We experience what we believe we will experience. This means that anything and everything a service can do to convey quality, expertise, and the ability to perform well likely will enhance client satisfaction. Conveying quality can be as critical to satisfaction as actually delivering quality.
The rest of the book looks at what Beckwith defines as “the four keys”, which are Price, Brand, Packaging, and Relationships. Each factor he looks at here is generally a counter-intuitive revelation about marketing a product or service. Each sub-section within these “keys” also closes with a take-away sentence reflecting the essence of that point. The author looks at companies, industries, different sorts of businesses, and how they exemplify these concepts. Like in the first part of the book, much of this deals with human psychology, and there are certainly eye-openers in here. If there was one particular “disappointment” I had with the book it's that there are no references or foot/end notes to point to specific bits of research. This makes one feel that much of this is “shot from the hip”, and that one has to take his word for it all.

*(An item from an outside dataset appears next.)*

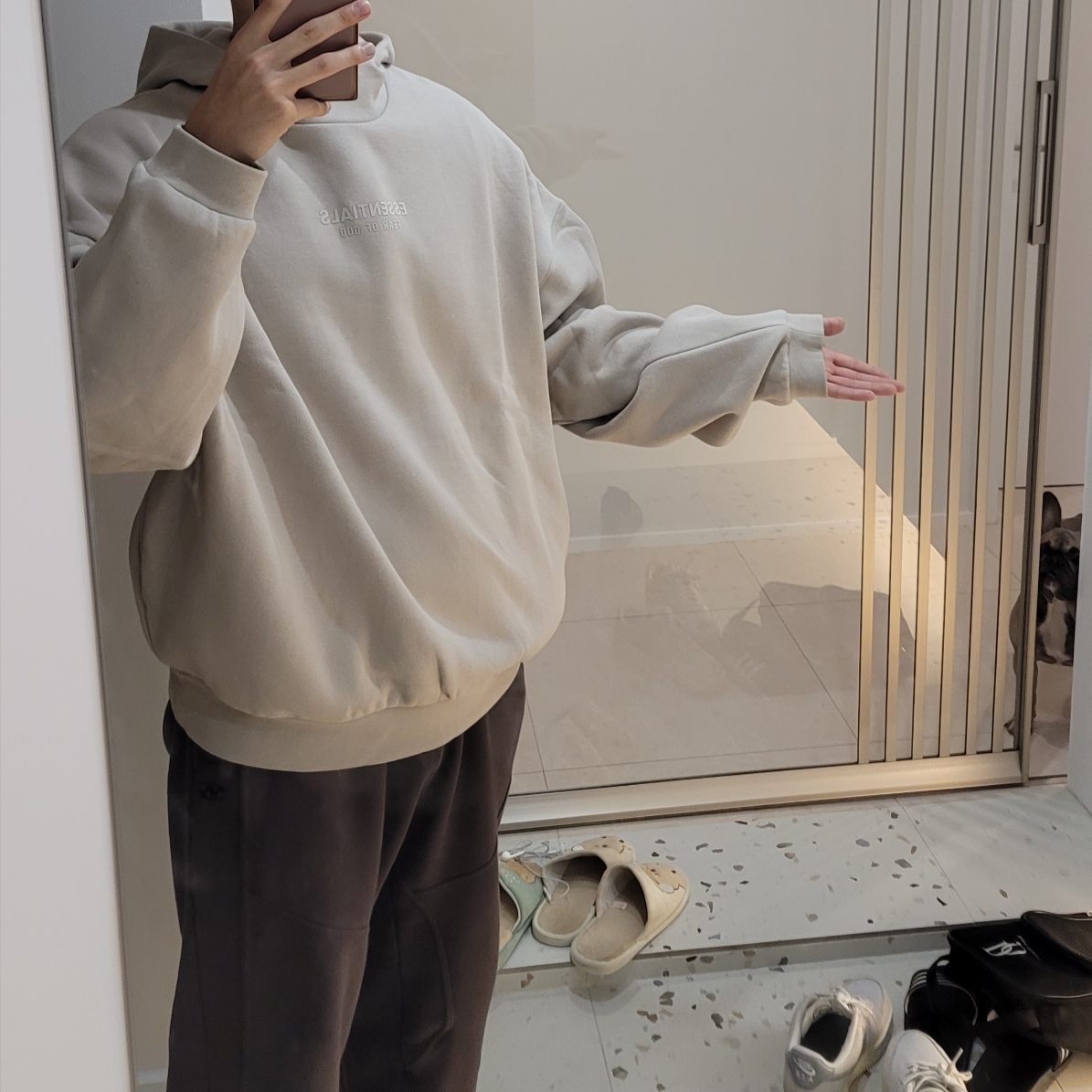 Essentials Hoodie Silver Cloud - 23FW 착용 스타일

Given that one caveat, I was quite enthusiastic with The Invisible Touch, and found the vast majority of what Beckwith presents here both prescient and profoundly perceptive. I have not only recommended this to various associates, but have even ordered copies for a couple of folks I'm doing consulting projects with. The hardcover edition I have seems to be out of print (although available used for as little as 1¢) but there's a paperback edition that's available, plus versions for the Kindle and Nook. If you have an interest in marketing, it's something you should definitely pick up!